In this tutorial, we will explore the basics of regression techniques. We will be discussing Liner Regression, Multiple Regression, Cost Function and Gradient Descent. Click [here](https://github.com/mkjubran/MachineLearning/blob/master/1_Regression/LinearRegression.pdf) to download a brief presentation about some of the topics covered in this tutorial.

**By the end of this tutorial**, you will be able to:
-	Recognize the topics to be covered in this tutorial.
-	Master the concepts of linear and multivariant regression.
-	Acquire thorough knowledge of the mathematical formulation of cost function and cost function minimization in Machine Learning.
-	Be able to build and apply simple regression models.

**Before Session**:
-	Watch a video about the main steps to build and apply machine learning algorithms (video source 1.1)
-	Watch two videos about linear regression to gain basic knowledge about linear regression, and to learn about modeling problems that can be solved using linear regression (video sources 1.2, 1.3, and 1.4)
-	Read about linear regression and gradient descent (reading sources 1.5 - 1.8)

**Resources:**

1.1	The 7 Steps of Machine Learning (video): https://youtu.be/nKW8Ndu7Mjw

1.2	The linear regression model (video): https://youtu.be/m88h75F3Rl8

1.3	Simple Linear Regression (video): https://www.youtube.com/watch?v=owI7zxCqNY0

1.4	Regression Analysis (video): https://youtu.be/DtOYBxi4AIE

1.5	Linear Regression Explained (reading): https://towardsdatascience.com/linear-regression-explained-d0a1068accb9 

1.6	Linear Regression — Detailed View (reading): https://towardsdatascience.com/linear-regression-detailed-view-ea73175f6e86

1.7	Machine learning fundamentals (I) (reading): Cost functions and gradient descent:   https://towardsdatascience.com/machine-learning-fundamentals-via-linear-regression-41a5d11f5220

1.8	Cost Function, Gradient Descent and Univariate Linear Regression (reading): https://medium.com/@lachlanmiller_52885/machine-learning-week-1-cost-function-gradient-descent-and-univariate-linear-regression-8f5fe69815fd



**Clone the Source GitHub Reporsitory**

Before we start applying the procedure of this tutorial, we need to clone some source files to be used throughtout this tutorial from a GitHub reprository

In [0]:
!rm -rf ./MachineLearning
!git clone https://github.com/mkjubran/MachineLearning.git

# Linear Regression
**Introduction**

In this section, we will come up with a technique to estimate the amount of spending of mall cutomers based on their annual income. This is achieved through the following procedure: \\
1- collect some statistics about mall customers which include their annual income and spendings, \\
2- we will use this data to build a model to correlate the spendings of the customers with their income, \\
3- next, we will use the model to estimate the spendings of new customers based on their annual income.

**Implementation**

In a previous module, you learned how to extract and collect data.
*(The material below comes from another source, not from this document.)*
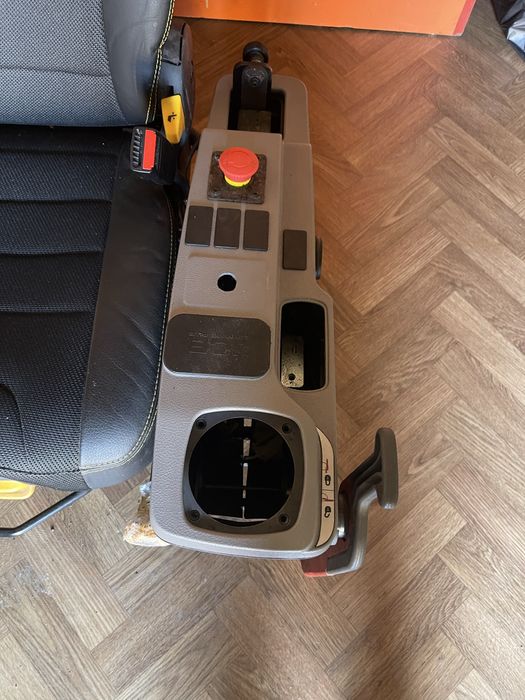 Scaun Excavator JCB serie X 210X 220X 400/F9730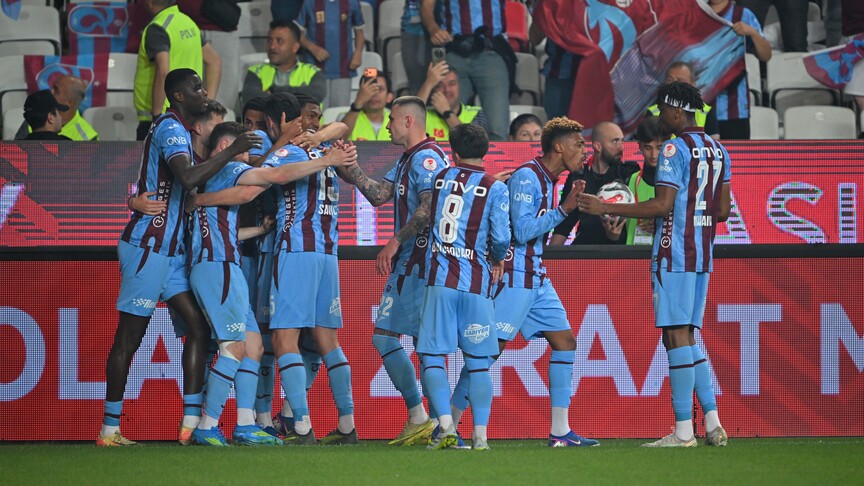 Trabzonspor, Ziraat Türkiye Kupası finalinde Konyaspor'u 2-1 yenerek şampiyon oldu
Now, let us assume the data which includes annual income and spendings of the mall customers which are saved in a csv file called "Mall_Customers_short.csv" \\
To read the data in the file, we will be using the pandas library (https://pandas.pydata.org/).

In [0]:
import pandas as pd
df = pd.read_csv("./MachineLearning/1_Regression/Mall_Customers_short.csv")
df.head()

You could also list values at the end of the dataframe using

In [0]:
df.tail()

You could also print the whole data using

In [0]:
print(df)

Now, to visualize the data, we will plot the pairs (Annual Income (K), Spendings) of each house on a scattered plot. To do this we need to use the matplotlib library (https://matplotlib.org/).

In [0]:
import matplotlib.pyplot as plt
plt.scatter(df['Annual Income (K)'],df[['Spendings']],color='r', marker='+')
plt.xlabel('Annual Income (K)',fontsize=20)
plt.ylabel('Spendings',fontsize=20)

As can be observed from the plot, a straight line can be used to represent the data. So we will use the Linear Regression method in the sklearn library (https://scikit-learn.org/stable/) to derive the best fitting line (determine the best coefficient and interception values) based on the given data.

In [0]:
from sklearn import linear_model
reg = linear_model.LinearRegression()
reg.fit(df[['Annual Income (K)']],df[['Spendings']])
print(reg.coef_) ## print the coefficient
print(reg.intercept_) ## print the intercept

To visualize the line, we plot the best fitting line on the scattered plot

In [0]:
plt.scatter(df[['Annual Income (K)']],df[['Spendings']],color='r', marker='+')
plt.xlabel('Annual Income (K)',fontsize=20)
plt.ylabel('Spendings',fontsize=20)
plt.plot(df[['Annual Income (K)']],reg.predict(df[['Annual Income (K)']]),color='b')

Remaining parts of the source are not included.